* _Information shown_
Content starts
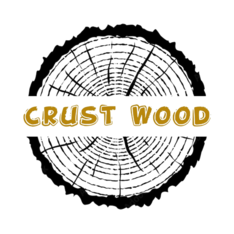 CrustWood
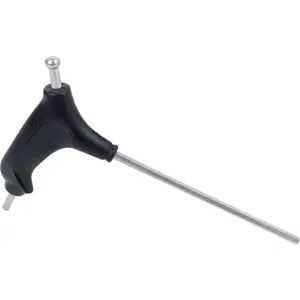 Multi inbussleutel Tempish image-0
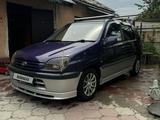 Toyota Raum 1997 года за 2 300 000 тг. в Алматы – фото 3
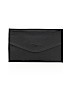 Assorted Brands Black Wallet One size - photo 1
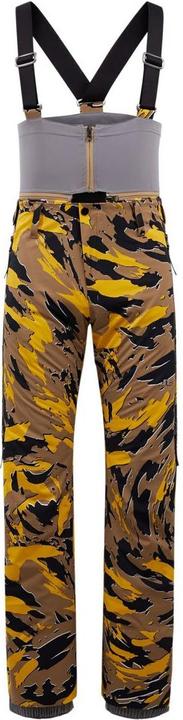 Produktbild J. Lindeberg Omnia Printed Skihose (M)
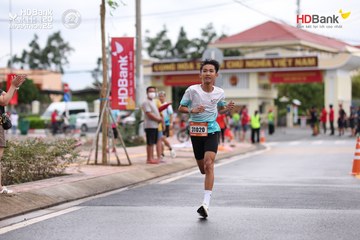 Photo HDBank Green Marathon 2025 - ec592e5a67380719819c228425e5dd37.jpg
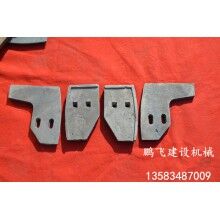 供應(yīng)攪拌機(jī)配件，經(jīng)久耐用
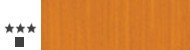 Michael Harding Oil Paints 40ml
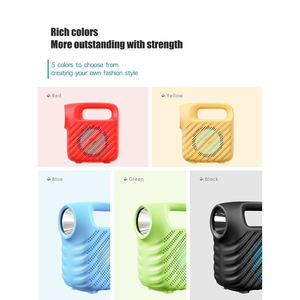 Haut-parleur de bateau GTS-1979, caisson de basses 15 pouces, haut-parleur Edifier, radio d'urgence, caisson de basses portable rechargeable, briquets vintage <span class=keywords><strong>LINEIN</strong></span> - Product Image 3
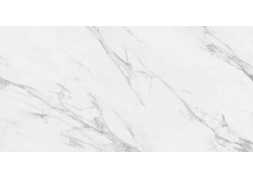 Керамогранит Salerno Grigio Polished 60х120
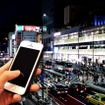 JR西日本でも導入が予定されている交通系ICカードのモバイル対応。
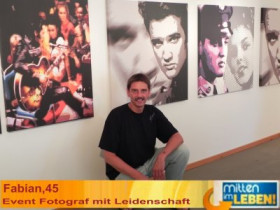 fabian1967 - Bild 2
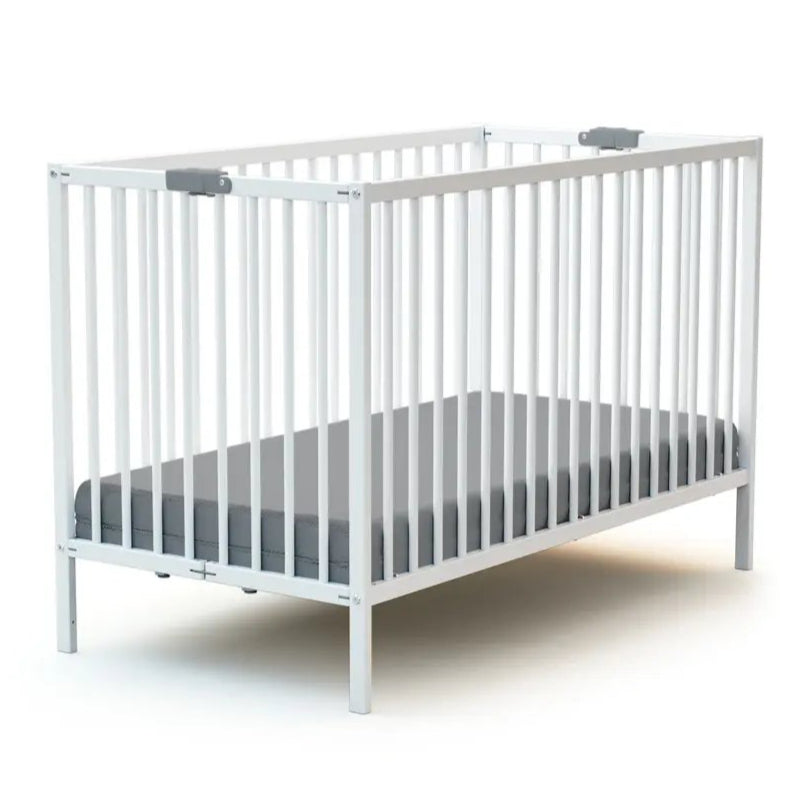Webaby Folding Bed | Prenatal, Babies, Nusring, Cybex, Avent Folding Bed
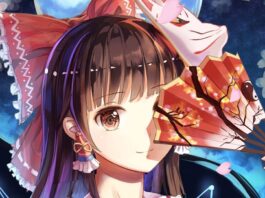 Anime Whatsapp Group Link Join List 2022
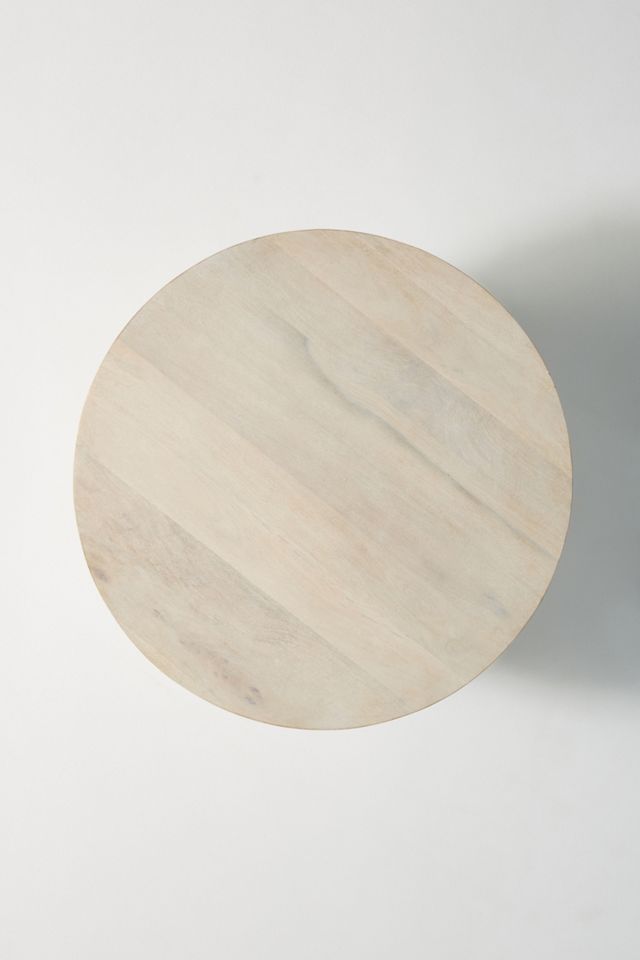 Betania Coffee Table #2
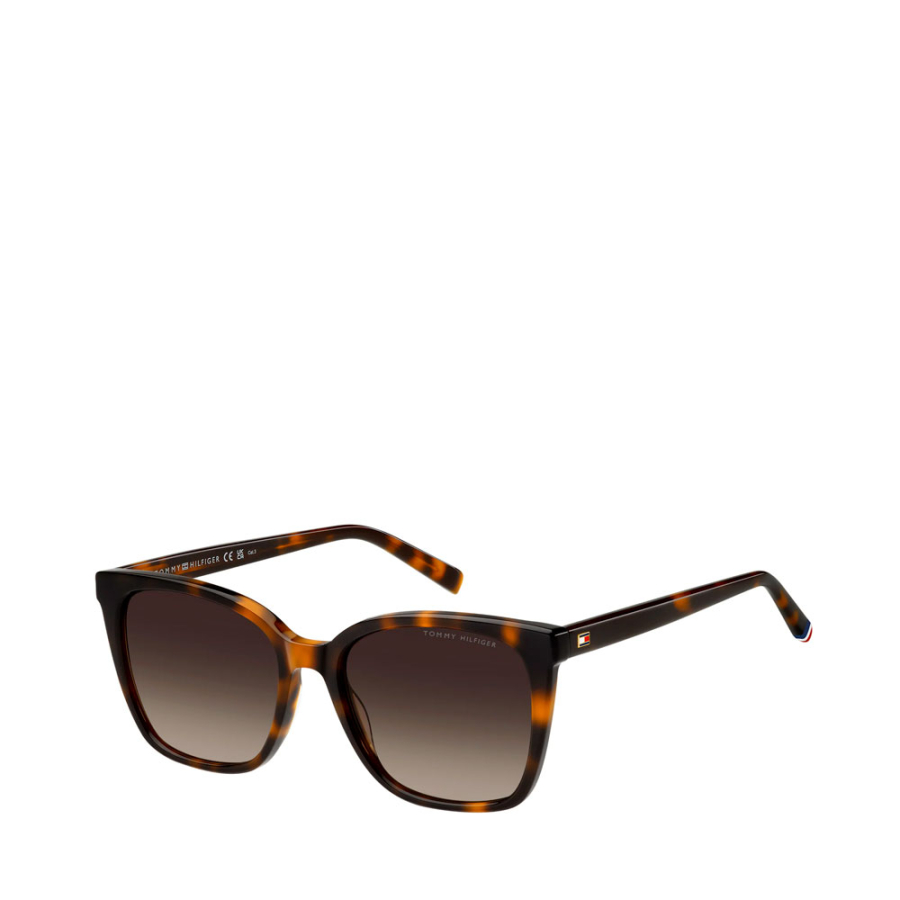 occhiali-da-sole-th-2226-s occhiali-da-sole-th-2226-s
Content ends
* _To do_
Please reproduce the lines exactly from the one containing "fabian1967 - Bild 2" through the last line of the data above, and keep the pictures out.

* _Answer for this exercise_
 fabian1967 - Bild 2
Webaby Folding Bed | Prenatal, Babies, Nusring, Cybex, Avent Folding Bed
 Anime Whatsapp Group Link Join List 2022
 Betania Coffee Table #2
 occhiali-da-sole-th-2226-s occhiali-da-sole-th-2226-s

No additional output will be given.